A reunion for legendary Sheffield rock band Pulp was a chance for Jarvis Cocker to headline again, guitarist Mark Webber has claimed.
Though Cocker has enjoyed a successful solo career, Pulp’s long-serving guitarist and historian has suggested that the 2023 reunion tour and subsequent album were a chance for the 62-year-old frontman to enjoy the top billing once again. Webber, speaking to The Ultimate Record Collector Guide, said that the band reunited not just because of the financial incentive to do so, but because they had the chance to do a series of shows on a “high level” compared to what Cocker had been doing with his solo career and band, Jarv Is.
Webber said: “We’re not getting any younger, it was a lot of money, but it wasn’t about the money so much as the opportunity to do a really good show on a high level. [Jarvis had] had his solo records and he had Jarv Is and they’d toured, but were maybe playing 1,500-people venues or something.
“He saw that this was a chance to headline and do big stuff again and was I interested? Of course I was. The first time when he came up in 2011, I wasn’t sure because I’d completely gotten away from music and still had loads of bad memories. But this time around I was into it.”
Webber, speaking to Cult Following back in July 2025, said he did not believe the band would ever get back together after their successful reunion tour performances in 2011 and 2012. The guitarist, who released the book I’m With Pulp, Are You? to rave reviews, said: “I was going through boxes in the spare room, and I came across all this Pulp stuff, which I hadn’t looked at for years, because obviously the group hadn’t been active for a while.
“I started to go through it, and it had been so long that I was discovering things that I’d forgotten I had, photos that I wasn’t sure where they were taken or what was going on. It just seemed kind of interesting. At this point, there was no suggestion that we would get back together again. I mean, I thought Pulp was finished at that point.
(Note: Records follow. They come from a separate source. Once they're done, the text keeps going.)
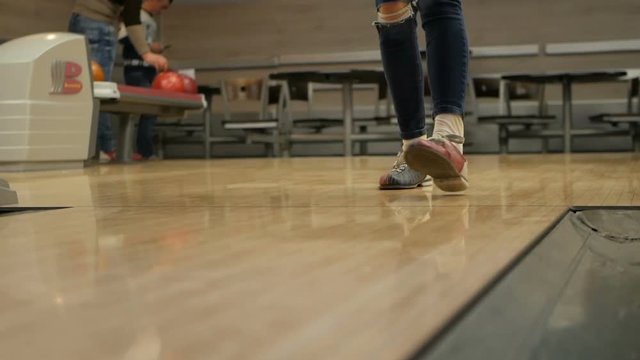 Woman in club for bowling is throwing ball
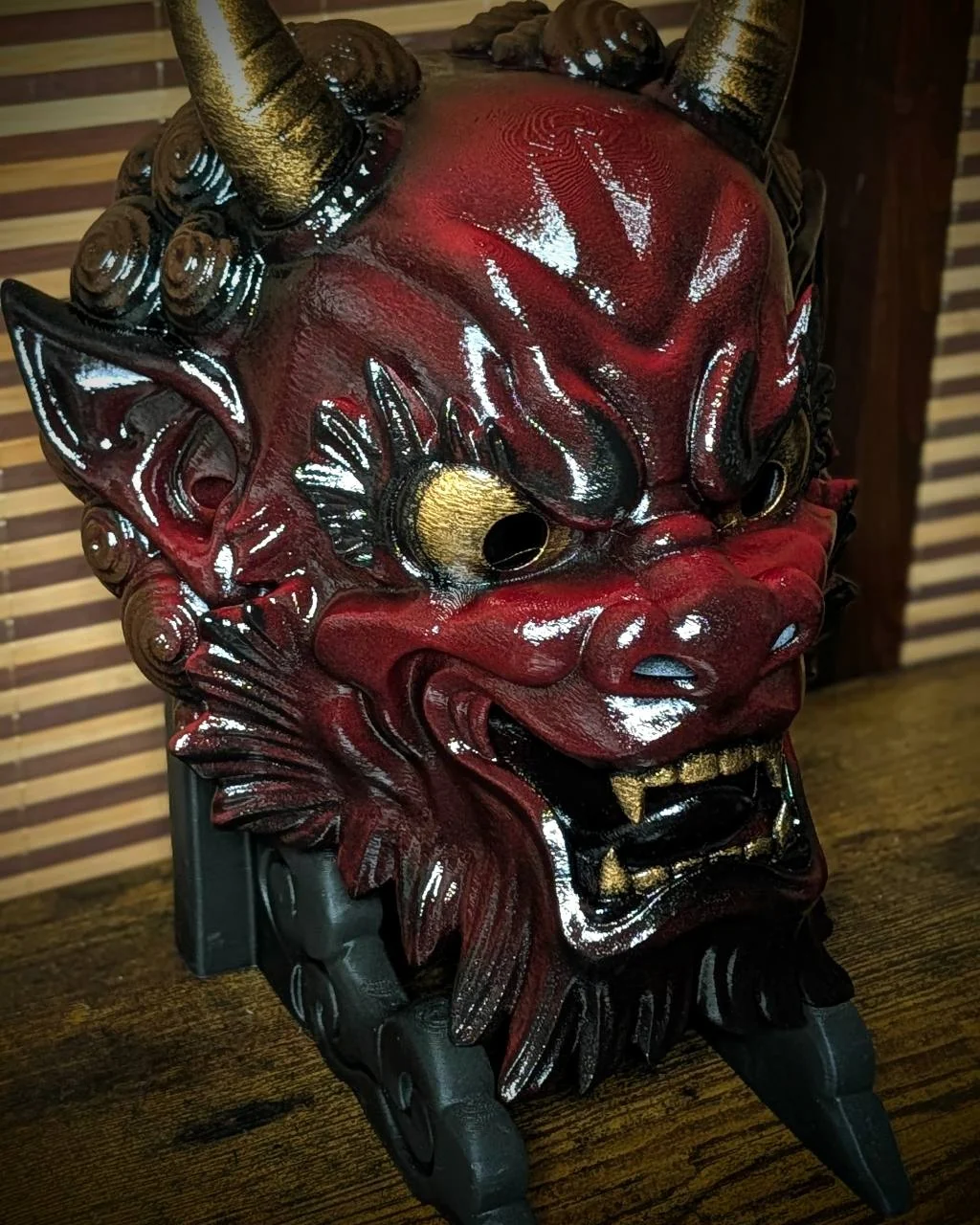 Masque Oni Irezumi bordeaux en vue trois quarts, ombres noires et détails dorés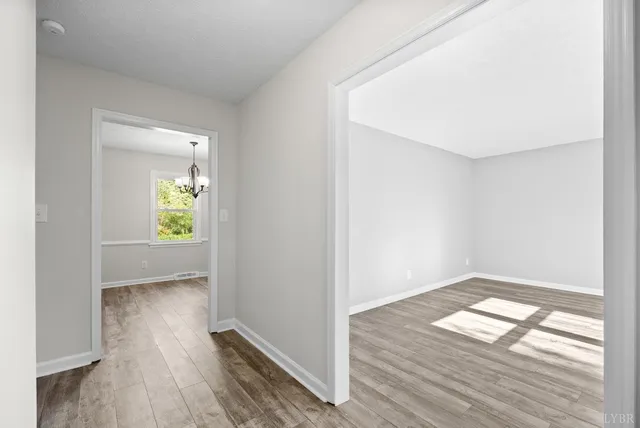 a view of a dining room with furniture wooden floor and a chandelier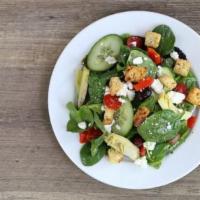 Greek Salad · Fresh greens, artichoke hearts, kalamata olives, roasted red peppers, cucumbers, cherry toma...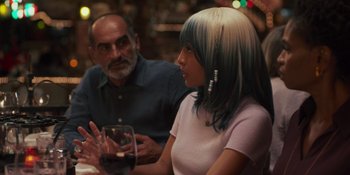 Movie still from “Sitting in Bars with Cake” (2023), directed by Trish Sie – A woman sitting next to a man at a table with a glass of red wine; Medium shot, Over the shoulder angle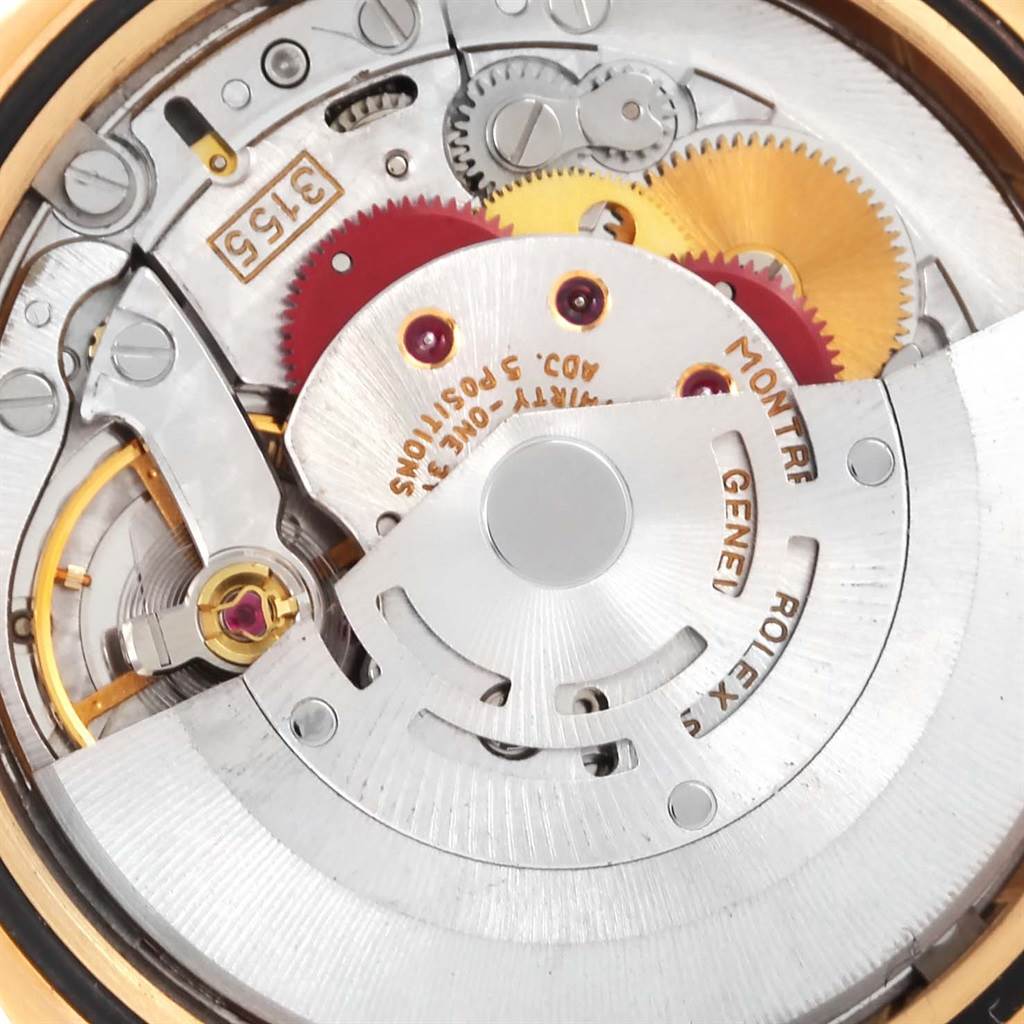 This is a close-up of the movement mechanism of a Rolex President 18238 Men
s Yellow Gold Champagne Dial 18238 Men
s Yellow Gold Champagne Dial model watch, showing gears and the rotor.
“I rediscovered all this stuff and then through a mutual friend, the publisher at Hat and Beard got in touch with me because he was thinking of doing a book about Pulp. But he wanted to do a book about the Different Class album.” The reunion was not just a chance for Cocker to get back into the spotlight, but marked a deadline for Webber’s Pulp history book.
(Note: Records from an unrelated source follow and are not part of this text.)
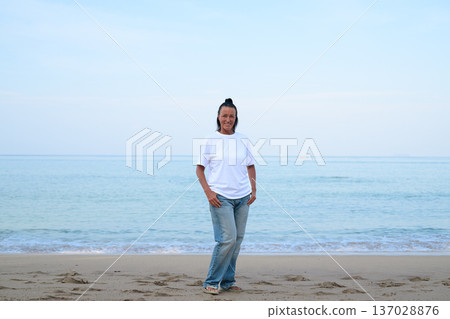 Mature woman standing on tropical beach wearing 90s style normcore fashion jeans and white t-shirt 137028876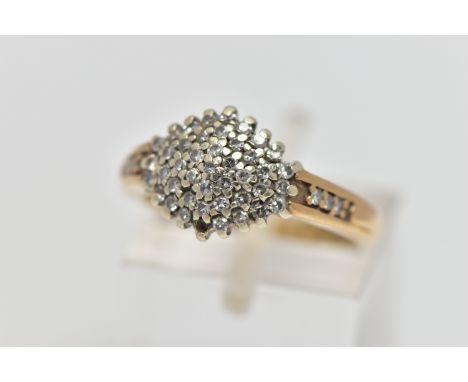 A 9CT GOLD DIAMOND CLUSTER RING, of a marquise form set with single cut diamonds, single cut diamond set shoulders, polished 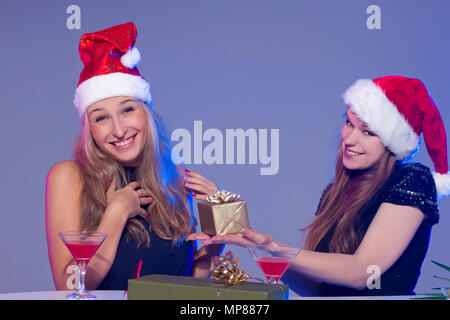 Freundinnen in Weihnachten Hüte mit Cocktails feiern das neue Jahr Stockfoto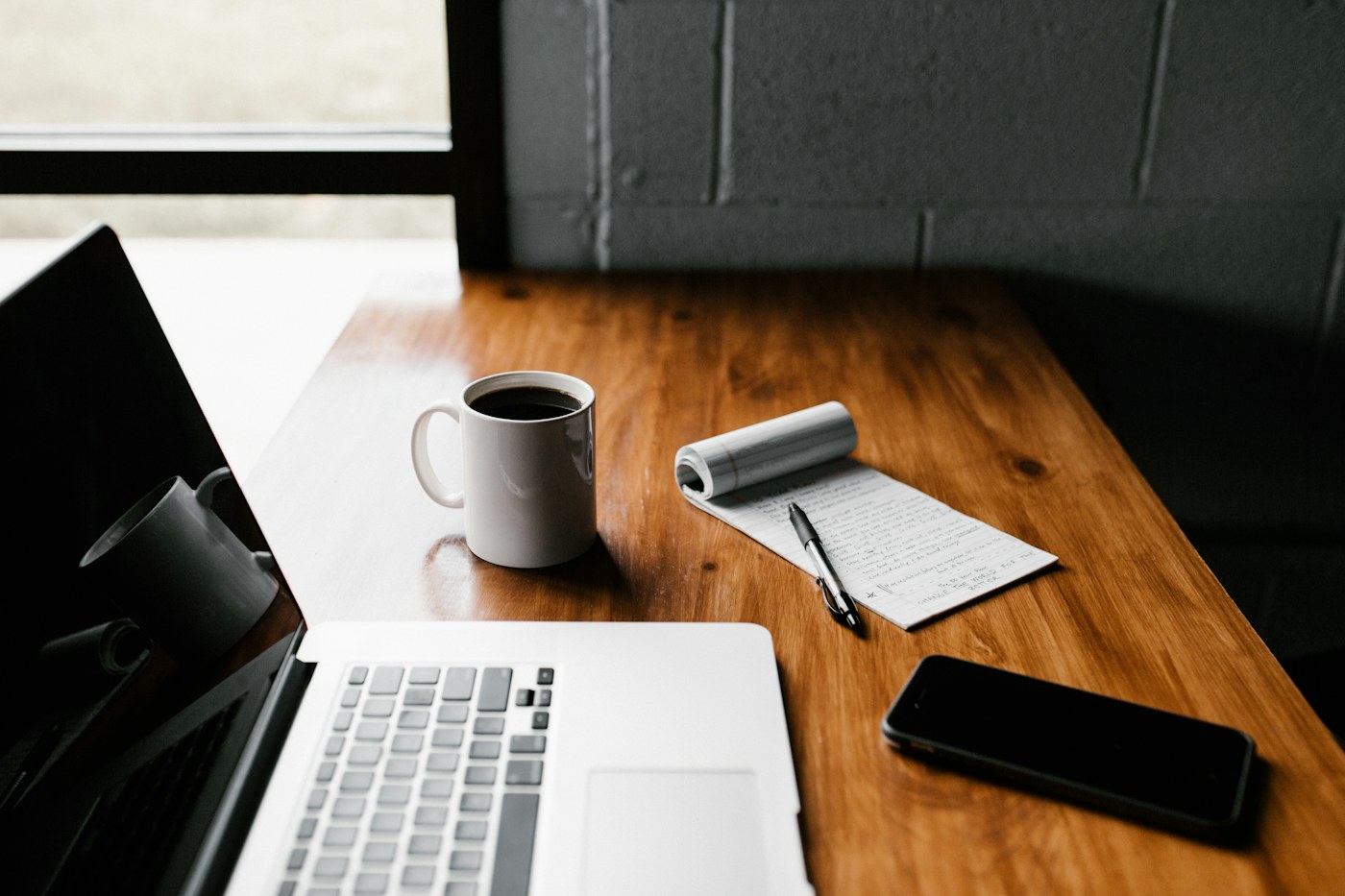 Schreibtisch mit Laptop, Notizbuch und Smartphone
He explained: “I guess it was 2022 when we first started talking about getting back together and playing. That, on the one hand, held me up a bit more. But on the other hand, it gave me a deadline to aim for because it seemed like there would be interest in the group, and maybe that would be a good time to publish it.
“I didn’t think we would get back together. The few times when I had seen Jarvis [Cocker], and it had come up in a conversation, he didn’t seem interested. I thought it wasn’t going to happen. But then he came around to the idea. I think everyone was into the idea. At first, the commitment was just for those fourteen or so UK shows in 2023. We thought that would be it. But then, obviously, once word gets out, people all over want you to go and play in different countries.
“We didn’t want to agree to doing any more until we played a few shows and got the vibe. But it was kind of amazing, the response. That encouraged us to do more, and then some new songs started to appear. And then it was, ‘Well, shall we make a record?’ We were more hesitant about committing to that.”